Esa madrugada se produjo el cambio de gobierno en la ciudad. Así, el viernes, Kandahar amaneció bajo el mando de los insurrectos. La población se dio cuenta porque los talibanes se paseaban por la calle armados, subidos en motos o en coches oficiales tomados a la policía o al Ejército. Había talibanes que arrancaban las banderas de Afganistán a las furgonetas del Ejército de las que se habían apropiado: “Afganistán ya es del islam”, decía uno, antes de arrojar la bandera al suelo.
La mayoría de la población seguía encerrada, esperando a ver qué pasaba. Circulaban vídeos de policías ejecutados, y había testigos que aseguraban que por la noche, los talibanes habían ido casa por casa en búsqueda de armas, una forma de buscar en sus domicilios a agentes policiales.
Lo que quedaba del Ejército afgano se refugió en una base cercana al aeropuerto. Allí acabaron abandonando decenas de coches blindados y de todoterrenos cedidos por el Gobierno estadounidense, que fueron a parar a manos de los talibanes. En el aeropuerto, sin vuelos comerciales previstos, se formó una cola inmensa de talibanes a la espera de poder hacerse con un vehículo del enemigo.
Las calles, poco a poco, se fueron poblando de personas. Los más pobres, los vendedores callejeros, los peluqueros, los que regentaban un bar pequeño, volvían a abrir sus negocios. Kandahar, hogar espiritual de los talibanes y gran feudo pastún, siempre fue mucho más conservadora (cuando no retrógrada) que Kabul: las mujeres siempre, en los últimos años, incluso sin estar bajo la férula talibán, salían a la calle muy tapadas. A partir del viernes, la única diferencia que alguien que paseara por Kandahar podía notar es que estas mujeres muy tapadas salían menos al exterior.

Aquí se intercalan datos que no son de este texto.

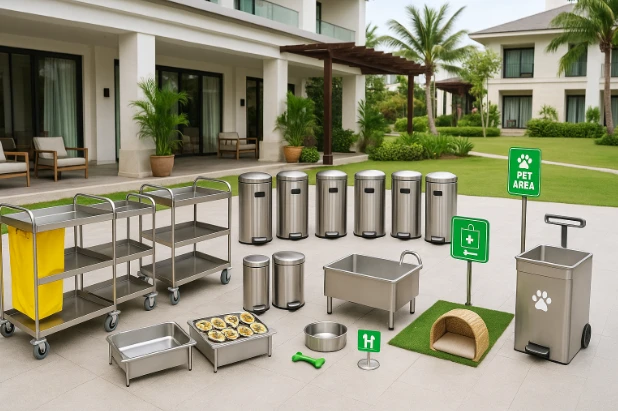 Thiết bị resort pet friendly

Las calles se vaciaron de mujeres, pero se llenaron de motos, un vehículo no muy permitido por la policía porque era el empleado por los talibanes para llevar a cabo atentados. Estos seguían celebrando su victoria disparando con sus ametralladoras al aire o al suelo. El domingo se rindieron las últimas fuerzas del Ejército afgano, se declaró un alto el fuego. Un representante talibán dio una conferencia de prensa proclamando la seguridad en las calles de Kandahar. Ese mismo domingo se anunciaba la conquista de Kabul. Afganistán entero pasaba a estar en manos de los talibanes.

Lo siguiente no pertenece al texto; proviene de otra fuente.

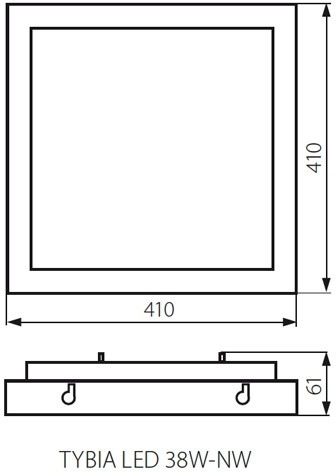 Потолочный светильник Kanlux 24641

Un grupo de milicianos de Kandahar organizó una caravana para llegar a la capital recientemente ganada. Los casi 500 kilómetros que separan las dos ciudades no se recorren en menos de nueve horas debido al estado catastrófico de la carretera, lleno de baches y hoyos, con el asfalto deformado por la falta de reparaciones y el peso de los vehículos. La caravana se cruzaba con autobuses de línea que hacían el mismo recorrido en sentido contrario, con camiones de carga procedentes de Kabul, con pequeñas comitivas de talibanes de las localidades cercanas montados en moto, con el fusil a cuestas.

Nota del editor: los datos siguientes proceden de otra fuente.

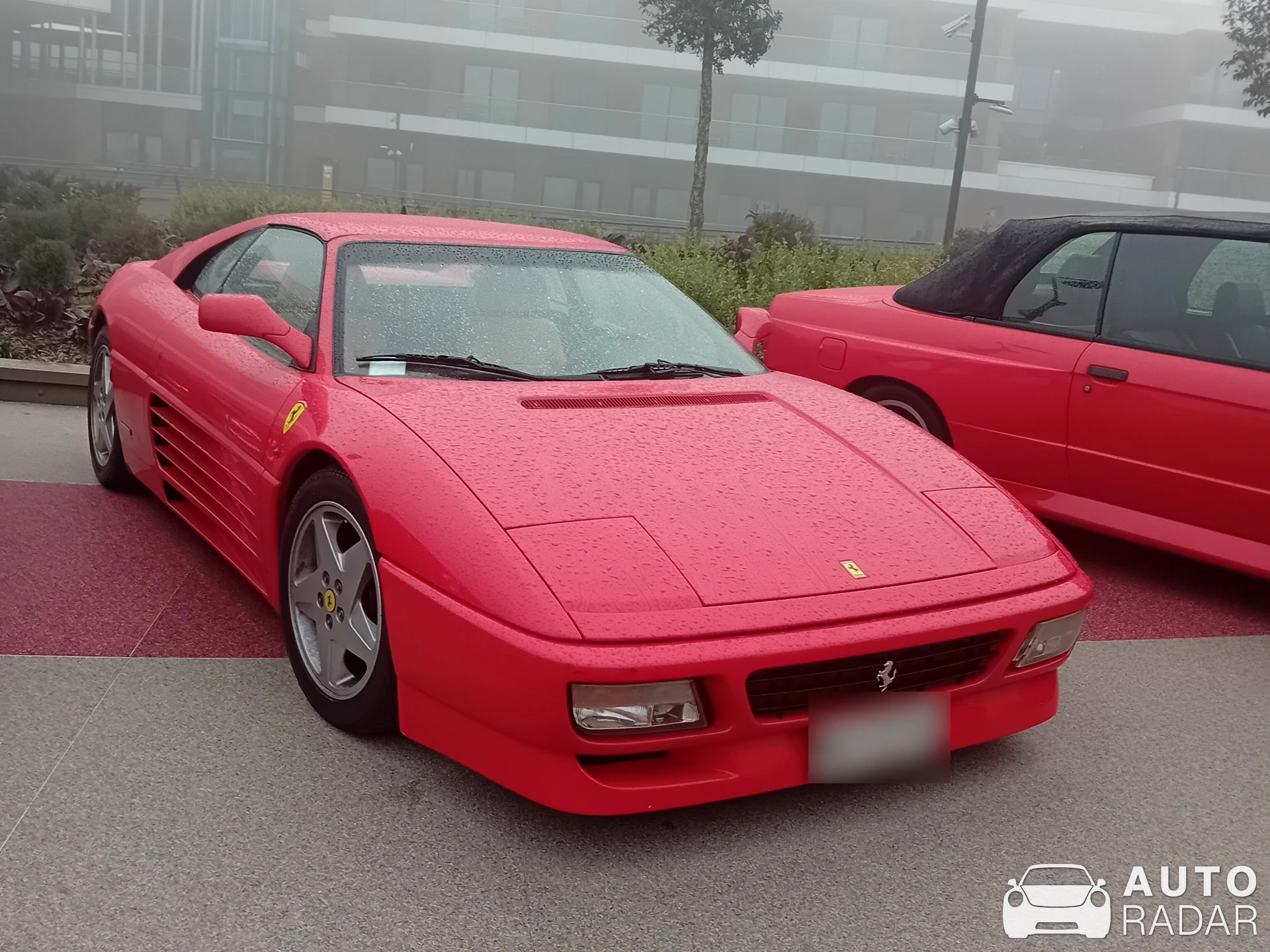 Ferrari 348 GTB spotted in Bergamo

En Kabul impera el toque de queda por la noche. Por el día, el centro de la ciudad y los barrios más acomodados aparecen mucho más vacíos de lo normal, a la expectativa, con los cafés y los restaurantes cerrados. En las afueras de la ciudad, en las partes más humildes, hay más movimiento, más tiendas abiertas, más bares pequeños que no pueden permitirse el lujo de no abrir, a pesar de que no sepan lo que va a ser de ellos.